Had the league taken this issue seriously from the start, a judge wouldn’t have handed down only a six-game suspension and we’d be no longer having this discussion. Furthermore, its players (and owners) would understand the difference between acceptable and reprehensible (if not illegal) behavior. Instead, we continue to talk about what Watson did off the field instead of what he does on it.
In the end, it’s all a ruse. The NFL isn’t going to do anything that won’t turn it a profit. It’s an American institution through and through. While it is concerned about protecting its image, it’s shield, it’s not nearly as concerned about doing the right thing as you think. Otherwise, they wouldn’t have allowed the Watson contract to happen, and they wouldn’t have assigned the same penalties for leaving your wife unconscious in an elevator as they did for deflating a damn football.
First of all…fuck you for making a Godfather III reference. It’s one of the few things Rob Reiner and I agree on. Godfather III is like Michael Jordan playing for the Wizards…it’s blocked form my memory; it just never happened.
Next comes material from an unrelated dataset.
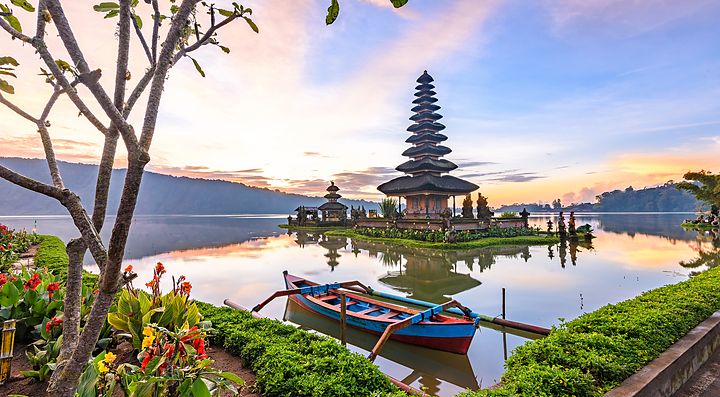 Tempio Ulun Danu Bratan a Bali, con un lago e una barca in primo piano.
But one thing I can’t forget is my role to point out one thing you never remember. Crime and so-called punishment in sports, especially in the NFL, has little to do with the justice system. So, the references to Ruth Buzzi Ginsberg or any other hack in a black robe you care to mention are as pointless as a post-Penny Hardaway Orlando Magic draft pick.
The problem with comparing “punishments” in the NFL is that most of your examples span different collective bargaining agreements. CBAs determine EVERYTHING when it comes to “justice.” That’s why the NFL keeps ham-fisting these things.
It’s a problem inherent to when you keep doing the job of law enforcement.
It’s amazing how the NFL keeps getting these things wrong. Even when they say “fine, we’ll hire former judges and won’t handle discipline anymore because we suck at it” they eff it up.
Watson shouldn’t play this year. End of story. I’d even say ever, but I’m a believer in second chances (see Vick, Mike).
The GIII reference was actually an Easter Egg for BCole who had a co-worker use the reference just last week. I’ll only take a third of the blame. (And to save some face, I don’t think I’ve ever seen that movie in its entirety.)
I guess what we’re end up torn with is a union fighting for players rights to make sure owners don’t trample all over them and finding the right punishment for the crime.
I guess it would be too kumbaya to wish the crimes never happened in the first place?
Sounds like they’re pushing for the year, Teej.
And ultimately, while we’re pro union and player’s rights, maybe it’s the NFLPA that takes the hit as they’re the ones backing Watson while it’s the league pushing for a bigger suspension.
Either way, the way they structured that contract is confounding.
The NFLPA would defend a serial killer if he was a card-carrying member. That’s what the NFLPA does. The NFL will always screw up when it comes to public relations. That’s what the NFL does. I’m not sure why Watson was around the sport last year, and I’m not sure why he is around the sport this year. If they want to hit the “reset” button on the whole precedent thing so the next judge/arbitrator has no excuses not to put the hammer down, you might as well make Watson the tipping point.
Oh, I forgot to ask. Will there be an NFL Over/Under Contest this year? Asking for a friend…
I think most of us are for unions, and for the players doing what they can to protect themselves from ownership, but yes, one could certainly make the argument that they’ve become pretty powerful, blindly so in some cases.
And yes, the O/U contest will be up and running shortly. After all, it’s a tradition unlike any other.